I assume this has something to do with how floating-point numbers work, but what confuses me is why toggling on and off compiler optimizations affects it. I'm guessing what I should do is just round the floats to 3 or so decimals of precision, since that's all I really need. Why does this happen and is my solution best-practice?

Edit:

I realized that in this case since the word length doesn't change I could just have AmountInCommon return the integer representing how many letters are in common instead of a float that represents the ratio of letters in common to word length. Your answers are still helpful though.

Aaron Record
  • 330
  • 4
  • 13
  • 2
    [This SO question](https://stackoverflow.com/q/6683059/3791245) and its answers seem highly relevant for the _why_ part of your question. Key takeaway is that JIT optimization is free to mess around with bit levels for floats all it wants. – Sean Skelly Oct 21 '20 at 23:02
  • @SeanSkelly looks interesting, thanks – Aaron Record Oct 21 '20 at 23:05
  • I'm not sure if its 'best practice', but I feel your solution is on the right track. Rounding is ultimately an Epsilon approach; it just defines an epsilon value based on the sig figs you give to the rounding. Just be careful when trying to design a more general answer to this problem. See [this answer](https://stackoverflow.com/a/2411661/3791245) for a simple Epsilon implementation: `Math.Abs(x-y) <= epsilon`. Rounding to 3 places basically sets epsilon to 1E-3. You could probably choose a smaller epsilon. – Sean Skelly Oct 21 '20 at 23:06

1 Answers1

3

The short story

Don't compare floating point values for equality.

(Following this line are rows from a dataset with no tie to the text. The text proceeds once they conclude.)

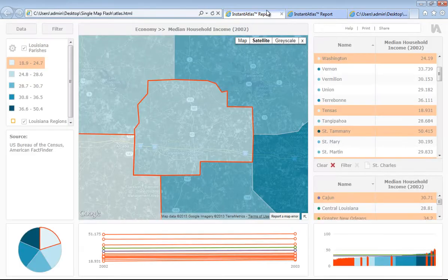So that is how simple it is to use the Instant Atlas Single Map HTML Edition template. If you would like to find out how to create an Instant Atlas HTML dynamic report, then please refer to the how to use Instant Atlas Publisher with HTML templates.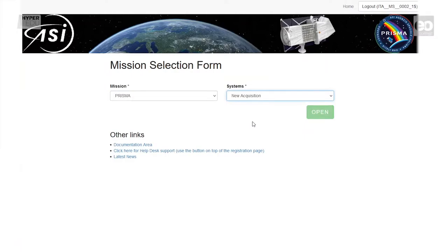In this video, I will show you how to request the acquisition of new hyperspectral remote sensing data in the Prisma Data Portal.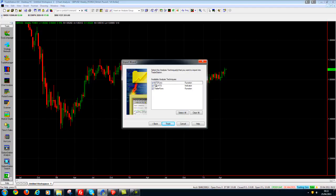It's telling us that we're going to be importing the HGS function, the TIG HGS Indicator and the Trailer Func. So we just click Finish now.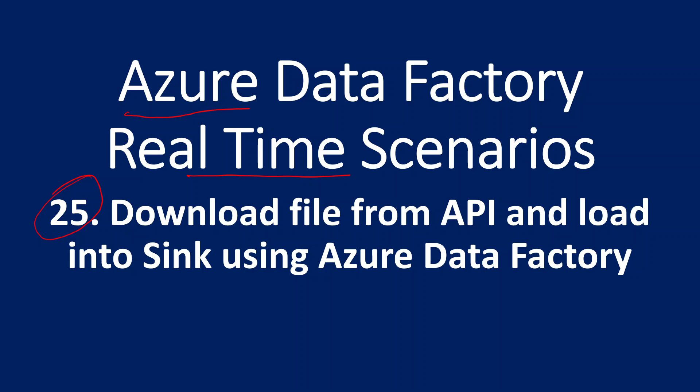This is part 25 in Azure Data Factory real time scenarios playlist. In this video, we are going to discuss about whenever any API downloads a file, how to load that file into some sync system using Azure Data Factory.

The first thing programmers usually do after making this remark, is to recommend using an Epsilon. However it's wrong. float.Epsilon is the smallest possible float greater than zero, however (and more importantly) it does not mean that it's the smallest difference between any two arbitrary floats. When comparing floats, the better practice is to choose a reasonable value to determine if two floats are "close enough" to be equal.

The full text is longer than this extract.